It’s all good though. She thinks I do a wonderful job even if it takes me just a wee bit longer to get myself organized to get there to get the job done. No, just in case you’re thinking she’s also ADHD. She’s not. We’re both educators who know that ADHD doesn’t mean ‘BAD’, just different behaviours and different learning styles.
In the education field, there are still plenty of teachers who are non-believers. Personally, I find THAT hard to believe. With all the info out there on ADHD available for even the general public to see and read, how can it be that there are still newly graduating teachers coming into the field who still believe that kids with ADHD are just NOT trying their hardest or are just trying to CAUSE problems?? *gives my head a shake*
The non-believers? I’ve talked myself blue in the face (easily enough done for some of us) trying to convince some of them but have realized that was going nowhere. Instead, when I hear complaints I offer my sympathy (we are a trying bunch to spend a day with!) and ask if there is anything I can do to help. They ALWAYS love a sympathetic ear and don’t mind any strategies that I can give them.
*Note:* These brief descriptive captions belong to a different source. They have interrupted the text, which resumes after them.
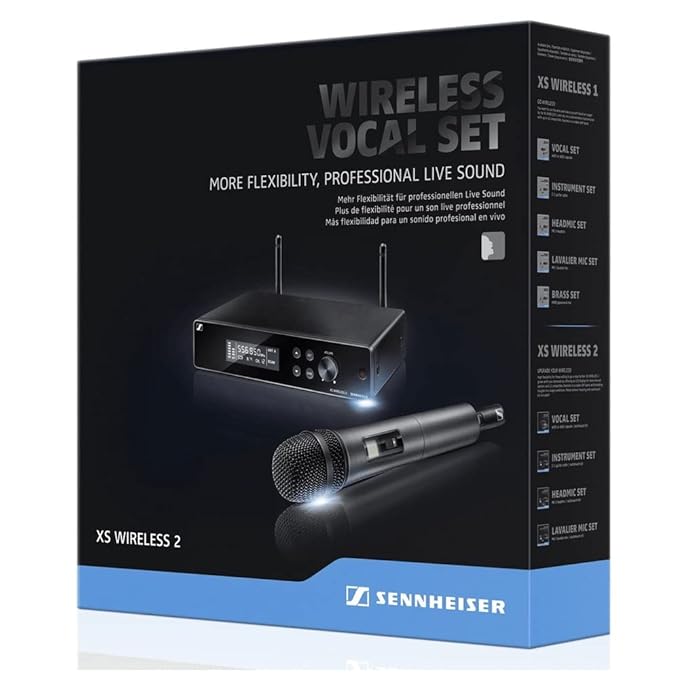 Sennheiser XSW 2-835 Handheld Wireless System A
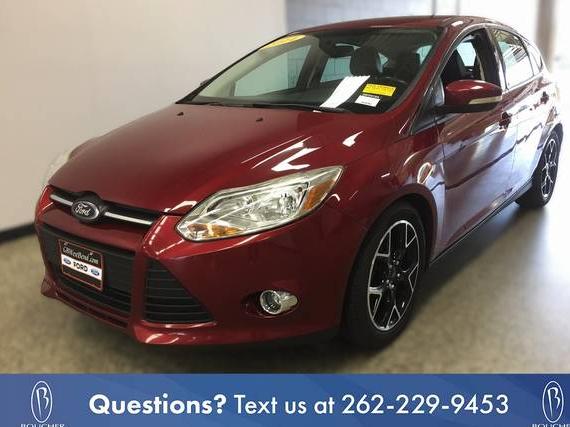 FORD FOCUS 2014 1FADP3K26EL173708 image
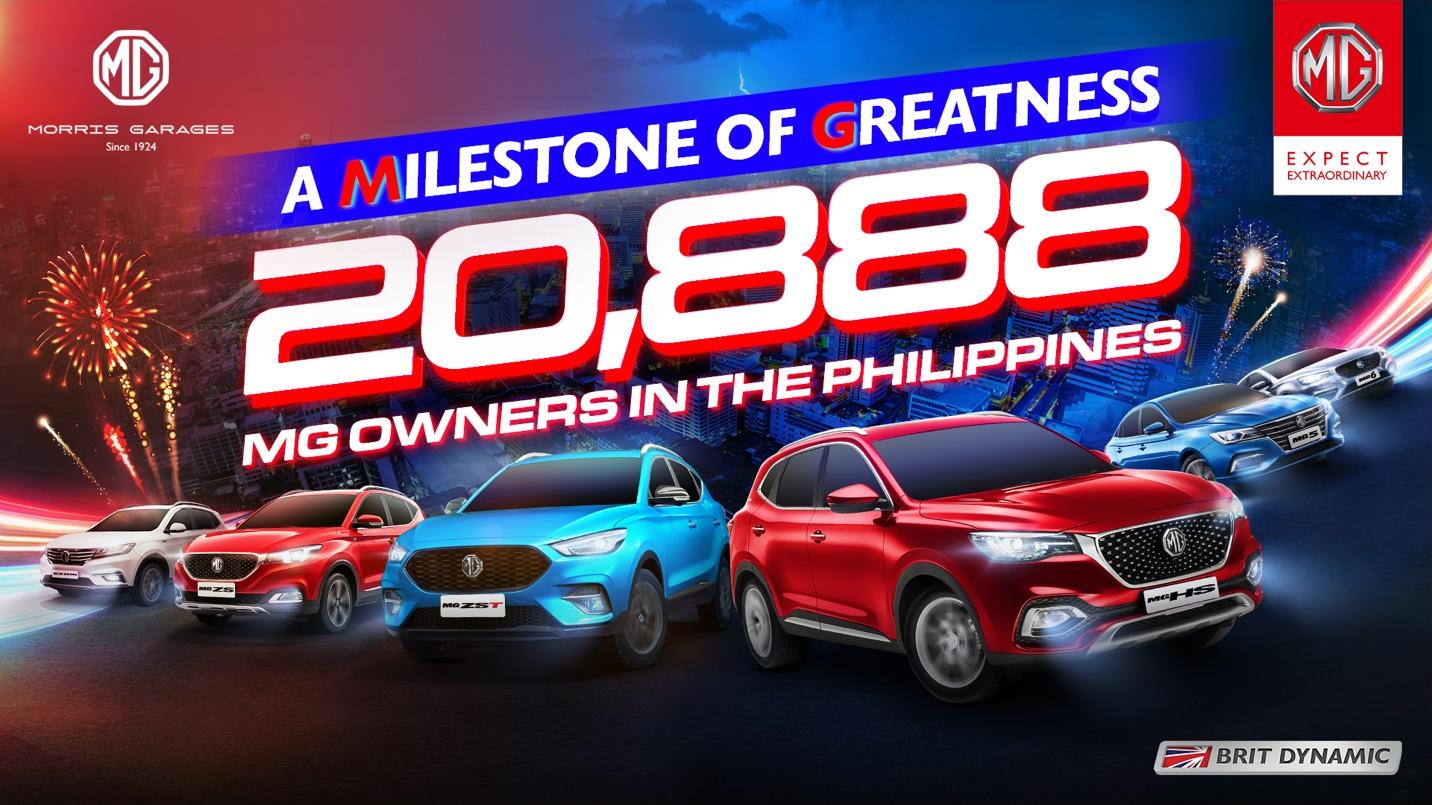 MG Philippines Is Now 20,888-Strong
I believe that in the US, a student dxed with ADHD requires that an IEP (Individual Education Plan)be provided to assist them with any learning concerns/needs associated with the ADHD. It’s certainly a different story up here.
Fortunately for me, most principals are well aware of ADHD so I’ve had no problems dealing with them. Perhaps that’s only because I’ve always gone a bit overboard to make sure I didn’t ‘mess up’ on the job because of my ADHD!